Kim should keep his governorshipAfter Gyeonggi Governor Kim Moon-soo announced yesterday that he will run for president, attention has turned to whether or not he will resign from his governorship. Kim admitted that his potential resignation to enter the race for nomination in the ruling Saenuri Party would have its consequences. If he does not resign, he will face the criticism that he is taking advantage of his governorship for the sake of the presidential race, while neglecting his role as the governor of Korea’s most populous province. If he decides to resign, a by-election will be held on Dec. 19, the day of the presidential election, leaving the post in relative uncertainty for months.
Elected officials’ resignation during their terms has long been a hot issue in Korea. Even though they don’t have to step down from their posts, it occurs often.
After former Seoul Mayor Oh Se-hoon resigned after a failed referendum on free school lunches last year, however, the city suffered from a waste of the budget and a loss of leadership, not to mention the massive political conflict that broke out. South Gyeongsang Governor Kim Doo-kwan will face similar problems when he decides to enter the presidential race for the opposition Democratic United Party.
The election law allows heads of local governments to keep their incumbent posts when they participate in a party nomination race for president. But when they run for president or another office, they are obliged to resign from their posts 90 days before the registration of their candidacy as it can affect their obligations as governor or mayor.

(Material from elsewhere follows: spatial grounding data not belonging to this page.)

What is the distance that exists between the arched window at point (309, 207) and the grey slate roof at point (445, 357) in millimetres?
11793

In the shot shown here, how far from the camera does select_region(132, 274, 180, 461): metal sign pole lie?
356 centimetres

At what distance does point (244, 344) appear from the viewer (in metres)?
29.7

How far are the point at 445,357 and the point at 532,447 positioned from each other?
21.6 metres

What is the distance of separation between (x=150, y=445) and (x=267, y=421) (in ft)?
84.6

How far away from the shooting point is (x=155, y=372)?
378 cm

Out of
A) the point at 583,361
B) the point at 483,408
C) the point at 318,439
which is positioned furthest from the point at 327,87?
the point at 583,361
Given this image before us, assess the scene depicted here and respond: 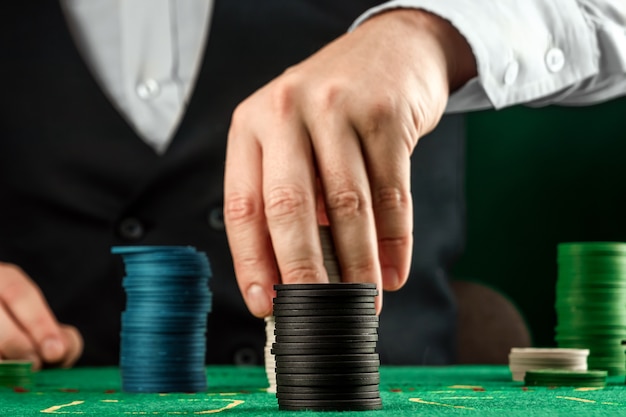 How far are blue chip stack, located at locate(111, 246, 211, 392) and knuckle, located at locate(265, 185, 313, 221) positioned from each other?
0.74 ft

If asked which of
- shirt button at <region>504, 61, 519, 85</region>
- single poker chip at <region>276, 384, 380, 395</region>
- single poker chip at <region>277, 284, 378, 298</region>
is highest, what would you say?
shirt button at <region>504, 61, 519, 85</region>

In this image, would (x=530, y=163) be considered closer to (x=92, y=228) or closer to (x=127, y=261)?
(x=92, y=228)

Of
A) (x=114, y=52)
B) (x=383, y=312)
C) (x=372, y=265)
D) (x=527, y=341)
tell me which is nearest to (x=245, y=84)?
(x=114, y=52)

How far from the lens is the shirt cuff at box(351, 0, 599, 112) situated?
227cm

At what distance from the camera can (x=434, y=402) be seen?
1.54m

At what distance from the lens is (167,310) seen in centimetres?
200

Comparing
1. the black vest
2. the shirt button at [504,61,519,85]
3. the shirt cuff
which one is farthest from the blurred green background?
the shirt button at [504,61,519,85]

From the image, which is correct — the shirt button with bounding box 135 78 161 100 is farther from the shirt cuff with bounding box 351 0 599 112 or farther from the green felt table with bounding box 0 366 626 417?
the green felt table with bounding box 0 366 626 417

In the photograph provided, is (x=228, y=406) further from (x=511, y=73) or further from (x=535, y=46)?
(x=535, y=46)

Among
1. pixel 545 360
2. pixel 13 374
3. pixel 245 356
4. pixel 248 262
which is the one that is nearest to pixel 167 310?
pixel 248 262

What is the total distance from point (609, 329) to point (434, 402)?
0.88 m

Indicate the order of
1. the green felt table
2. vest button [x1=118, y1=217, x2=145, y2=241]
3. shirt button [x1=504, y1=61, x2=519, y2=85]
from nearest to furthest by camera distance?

Elected officials need to complete their terms so that their original campaign promises can be implemented, administrative consistency is maintained and expensive by-elections are avoided. Of course, a political party’s official candidate for president or lawmaker needs to resign from the incumbent post, as their candidacy will likely affect their current jobs. In case of a party nomination race, however, resignation is unnecessary as it will not greatly affect candidates’ current jobs. Both Kim Moon-soo and Kim Doo-kwan pledged to not resign from their governorship in the gubernatorial elections two years ago.
If Governor Kim Moon-soo keeps his post during the party’s nomination race for president, he needs to minimize the impact on his governorship. And our society should refrain from attacking his retainment of the position. The same applies to all potential presidential hopefuls.